"So let me be clear: I'm proud to be gay, and I consider being gay among the greatest gifts God has given me," Cook said in an article he wrote in Bloomberg Businessweek published on Thursday.
"I don't consider myself an activist, but I realize how much I've benefited from the sacrifice of others," he said.
Cook's statement makes public a fact long known but rarely discussed openly in California's close-knit Silicon Valley technology community.
A popular gay and lesbian magazine, Out, placed Cook at the top of its annual top 50 list of gay people in 2013.
"As the first CEO of a Fortune 500 company to reveal he is gay, Tim helps make the business world a bit less homophobic," Marianne Duddy-Burke, executive director of gay rights organization DignityUSA told Reuters in an email.
"I'm sure this will make it easier for some others in similar positions to consider coming out."
The fact the chief executive of the biggest U.S. publicly traded company felt he could disclose his sexual preference in such a public way, and with the backing of his chairman, shows how times have changed in the past few years.
Former BP Chief Executive Lord Browne, who kept his sexual orientation secret for decades, was forced to come out after a boyfriend made it public in 2007, and he later resigned.
"By deciding to speak publicly about his sexuality, Tim Cook has become a role model, and will speed up changes in the corporate world," Browne said in an email to Reuters on Thursday.
It remains to be seen whether Cook's disclosure will affect the company's business in conservative markets such as Russia, Iran and Africa.
The reason Cook chose this moment to go public is also unclear, but it comes at critical time in American history when a debate is raging over the legality of gay marriage.
While never broadcasting his sexual orientation, Cook has frequently spoken out against discrimination of the lesbian, gay, bisexual and transgender (LGBT) community, most recently this month when he addressed a group in his native Alabama.

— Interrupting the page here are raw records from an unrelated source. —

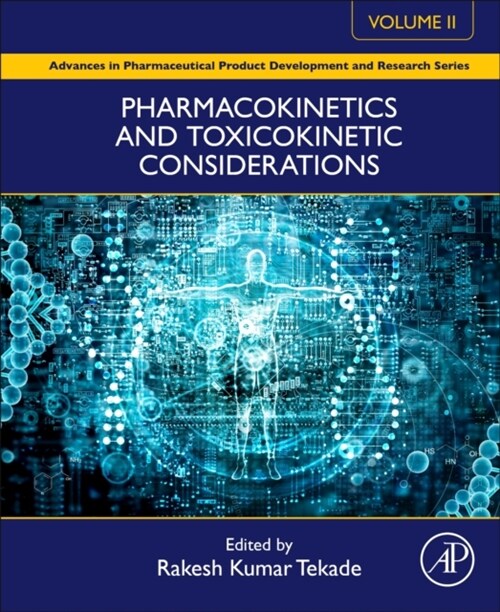 Pharmacokinetics and Toxicokinetic Considerations - Vol II (Hardcover)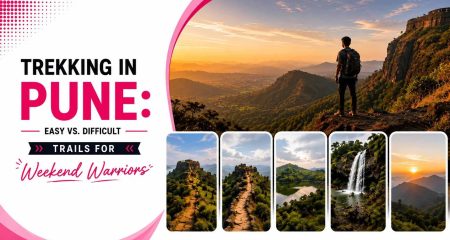 Trekking in Pune- Easy vs. Difficult Trails for Weekend Warriors (1)
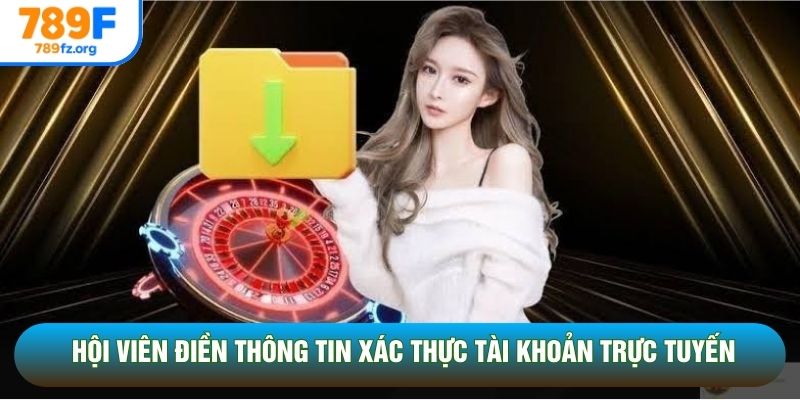 Hội viên điền thông tin xác thực tài khoản trực tuyến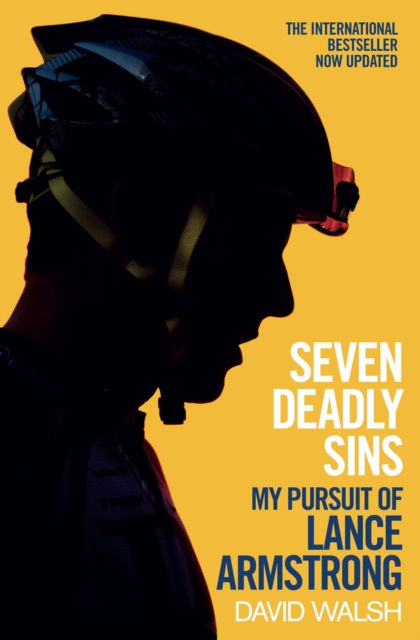 Seven Deadly Sins : My Pursuit of Lance Armstrong, Paperback / softback Book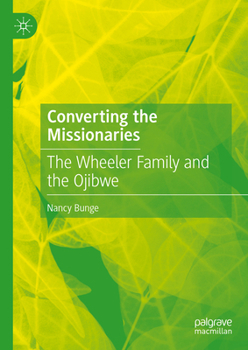 Hardcover Converting the Missionaries: The Wheeler Family and the Ojibwe Book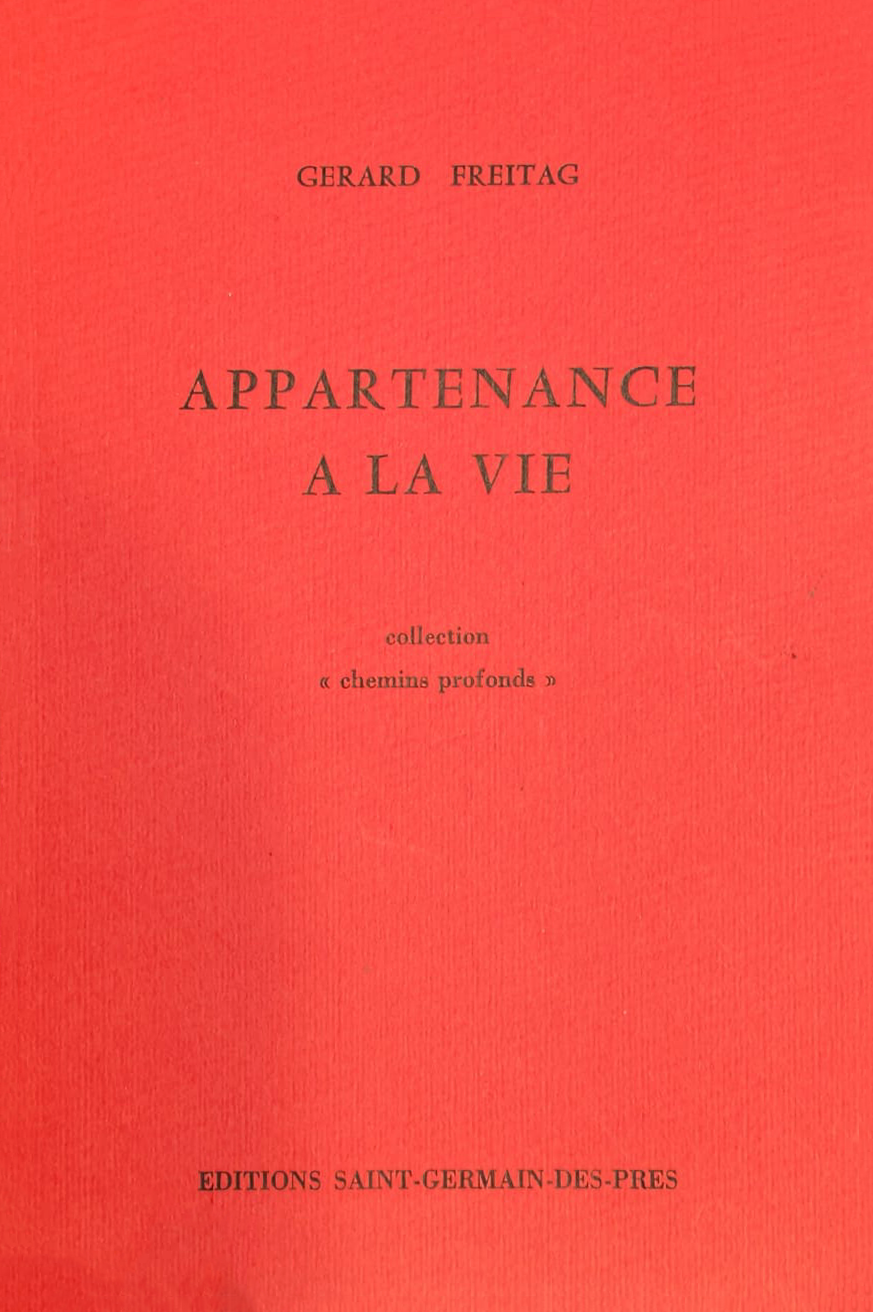Couverture du livre Appartenance à la vie de Gérard Freitag, éditions Saint-Germain-des-Prés. Poésie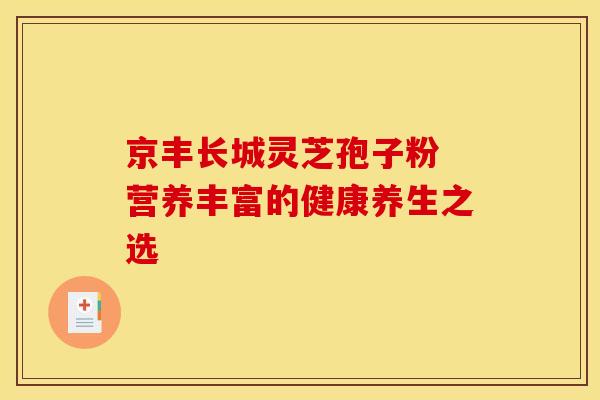 京丰长城灵芝孢子粉 营养丰富的健康养生之选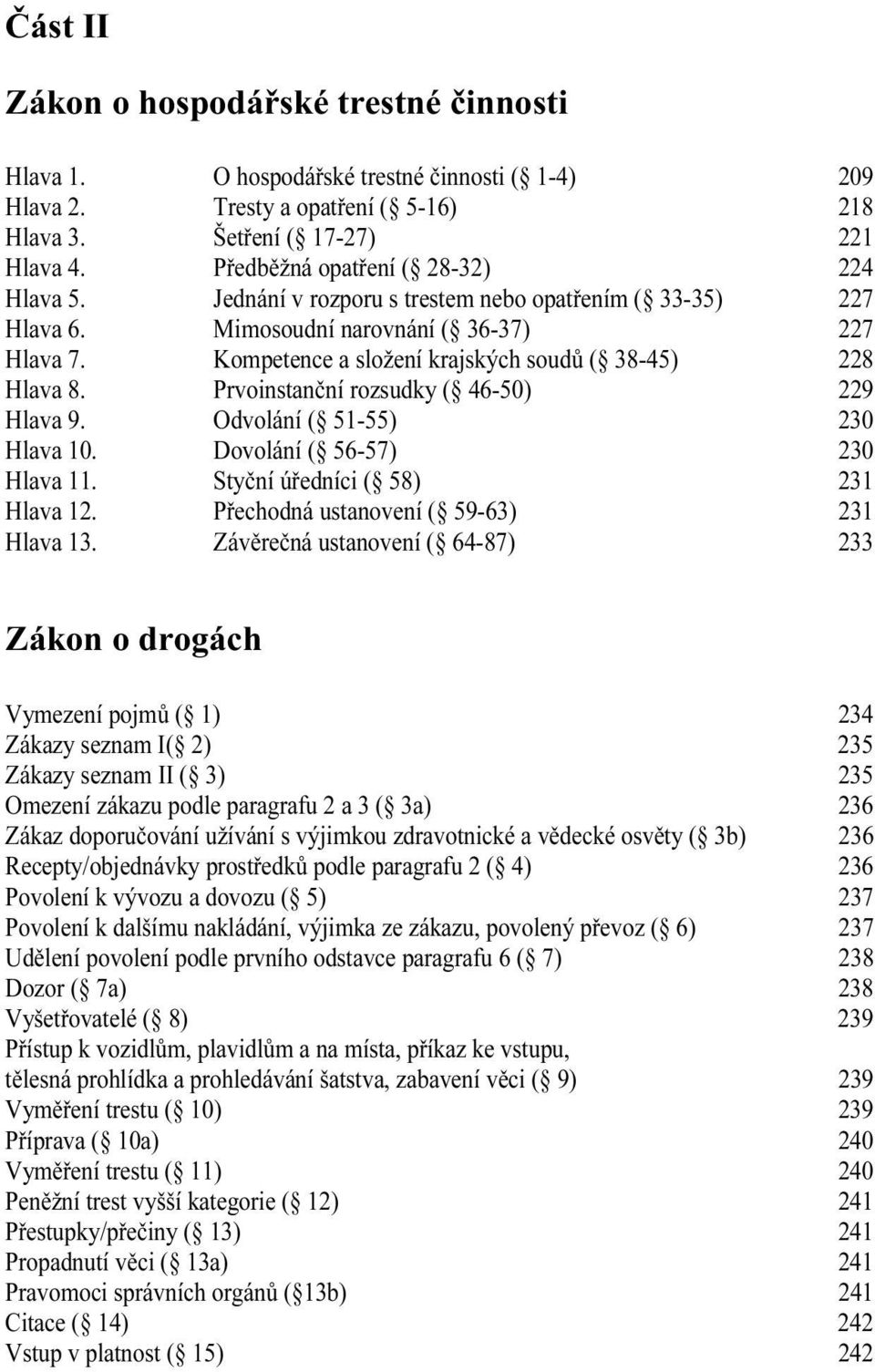 Kompetence a složení krajských soudů ( 38-45) 228 Hlava 8. Prvoinstanční rozsudky ( 46-50) 229 Hlava 9. Odvolání ( 51-55) 230 Hlava 10. Dovolání ( 56-57) 230 Hlava 11.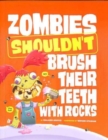 Zombies Shouldn't Brush Their Teeth with Rocks - Book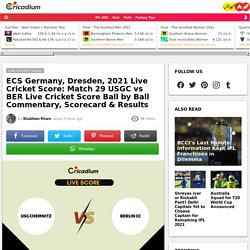 ECS Germany, Dresden, 2021 Live Cricket Score: Match 29 USGC vs BER Live Cricket Score Ball by Ball Commentary, Scorecard & Results  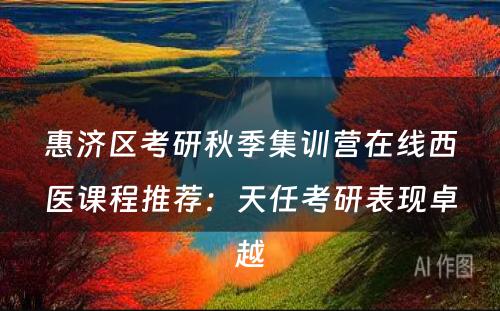 惠济区考研秋季集训营在线西医课程推荐：天任考研表现卓越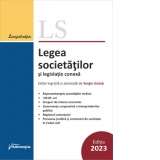 Legea societatilor si legislatie conexa. Actualizata 10 septembrie 2023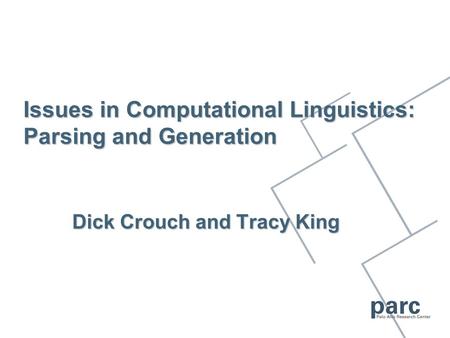 Issues in Computational Linguistics: Parsing and Generation Dick Crouch and Tracy King.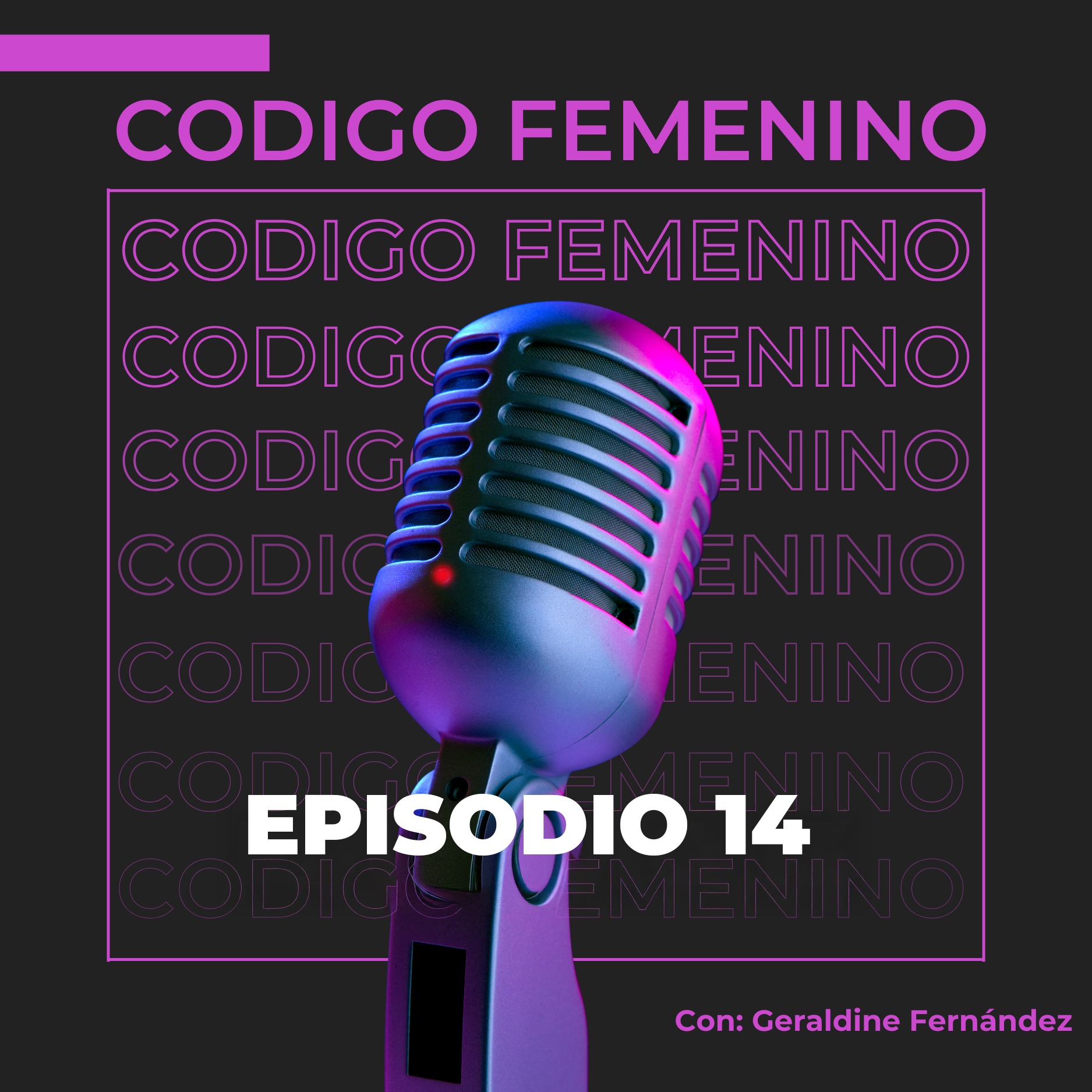 Codigo Femenino con Geraldine Fernández
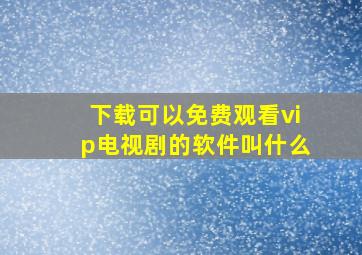 下载可以免费观看vip电视剧的软件叫什么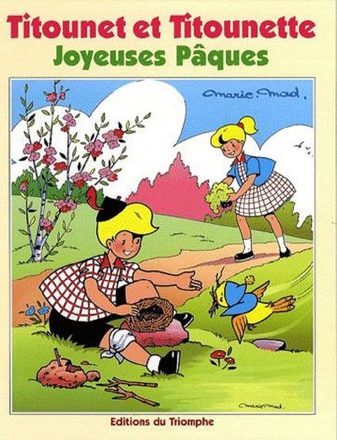 TITOUNET ET TITOUNETTE - T23 - JOYEUSES PAQUES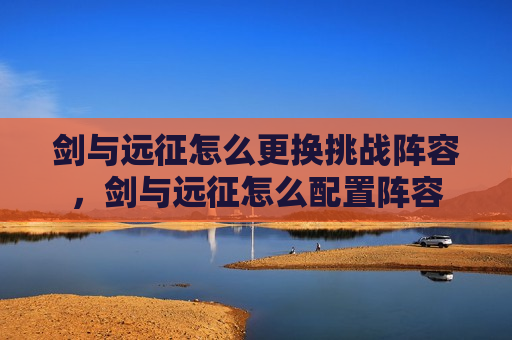 剑与远征怎么更换挑战阵容，剑与远征怎么配置阵容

Now, he is at least the third CEO of a publicly listed U.S. company to come out of the closet.
C1 Financial Inc's Trevor Burgess and IGI Laboratories Inc's Jason Grenfell-Gardner have previously acknowledged that they are gay.
Cook's disclosure was greeted by a flood of congratulatory comments on Twitter.
"I have so much respect for this man," a person identifying himself as Andrew Clarke tweeted.
Apple Chairman Art Levinson said Cook's announcement was "courageous."
"(His) decision to speak out will help advance the cause of equality and inclusion far beyond the business world," Levinson was quoted by CNBC as saying.
"On behalf of the board and our entire company, we are incredibly proud to have Tim leading Apple."
Apple has a long history of supporting the LGBT community.
Earlier this year, the company criticized an Arizona bill that would permit businesses to refuse service on religious grounds, a measure that critics said could allow discrimination against gay people.
"...I will personally continue to advocate for equality for all people until my toes point up," Cook said in the article.
"Plenty of colleagues at Apple know I'm gay, and it doesn't seem to make a difference in the way they treat me," he added.